To run a single metric directly you can instantiate the metric class. For example, to compute BARTScore or BertScore per pair:

```py
from vero.metrics import BartScore, BertScore

with BartScore() as bs:
bart_results = [bs.evaluate(context, answer) for context, answer in zip(contexts, answers)]

with BertScore() as bert:
bert_results = [bert.evaluate(context, answer) for context, answer in zip(contexts, answers)]
```

# Test Dataset Generation

## **Overview**

- The Test Dataset Generation module creates high-quality question-answer pairs derived from your document collection. It generates challenging queries designed to reveal retrieval and reasoning failures in RAG systems, and considering edge-case user personas.
- Internally it chunks documents, clusters related chunks, and uses an LLM to produce QA items with ground-truth chunk IDs and metadata.

### **Example**

```py
from vero.test_dataset_generator import generate_and_save

# Generate 100 queries from PDFs stored in ./data/pdfs directory and save outputs in test_dataset directory
generate_and_save(
data_path='./data/pdfs/',
usecase='Vitamin chatbot catering to general users for their daily queries',
save_path_dir='test_dataset',
n_queries=100
)
```

# Report Generation

## Overview

- The Report Generation module consolidates evaluation outputs from generation, retrieval, and reranking into a final report.
- It orchestrates a stateful workflow that processes CSV results from various evaluators and synthesizes comprehensive insights and recommendations.

## Example Usage

```py
from vero.report_generation_workflow import ReportGenerator

# Initialize the report generator
report_generator = ReportGenerator()

# Generate the final report by providing:
# - Pipeline configuration JSON file
# - Generation, Retrieval, and Reranker evaluation CSV files
report_generator.generate_report(
'pipe_config_data.json',
'Generation_Scores.csv',
'Retrieval_Scores.csv',
'Reranked_Scores.csv'
)
```

# Containerised evaluation (Docker)

## Prequisites
- Install [Docker](https://docs.docker.com/get-docker/) and [Docker Compose](https://docs.docker.com/compose/install/).
- Disk spcae >= 50 GB
- CPU >= 4 cores (GPU recommended for faster metric computation)
- RAM >= 8 GB

**Step 1 - Clone the repository and switch to the deploy folder**
```bash
git clone https://github.com/vero-eval/vero-eval.git
cd vero-deploy
```

**Step 2 - Inspect example inputs**
- Open the `data/inputs` folder inside `vero-deploy`.
- Review the example CSV provided (for example `data/inputs/input.csv`) and structure your input CSV the same way. Common column names used across the project include `Context Retrieved`, `Answer`, `Question`, `Retrieved Chunk IDs`, `True Chunk IDs`, `Chunk IDs`, and `Less Relevant Chunk IDs`.
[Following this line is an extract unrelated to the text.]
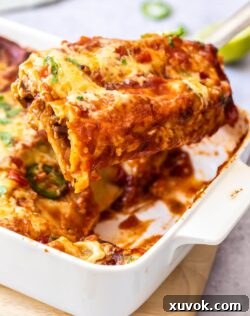 Steak enchiladas being lifted out of the pan.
**Step-3 Configure the input filename**
- Open `config.yaml` in the `vero-deploy` directory and check the key that references the input CSV filename. Update it to point to your CSV if needed (ensure the filename you pick matches the file in `data/inputs`).

**Step-4 Set your OpenAI key in Docker Compose**
- Open `docker-compose.yaml` and set the `OPEN_AI_KEY` environment variable for the evaluation service. Example snippet:
```yaml
x-base-config: &base-config
image: crimsonceres/demo-test
environment:
- HF_HOME=/root/.cache/huggingface
- TRANSFORMERS_CACHE=/root/.cache/huggingface/transformers
- OPENAI_API_KEY=
```
You can also use environment substitution (for example `OPEN_AI_KEY=${OPEN_AI_KEY}`) and export the variable in your shell before running Docker.

**Step-5 Run the evaluation container**
- If you have a GPU available (recommended):
```bash
docker compose run evaluation-runner-gpu
```
- If you are using CPU only:
```bash
docker compose run evaluation-runner-cpu
```

>That is all required to run a containerised evaluation. Ensure `data/inputs` contains the CSV referenced in `config.yaml` and that `docker-compose.yaml` has `OPEN_AI_KEY` set before running the appropriate `docker compose run` command.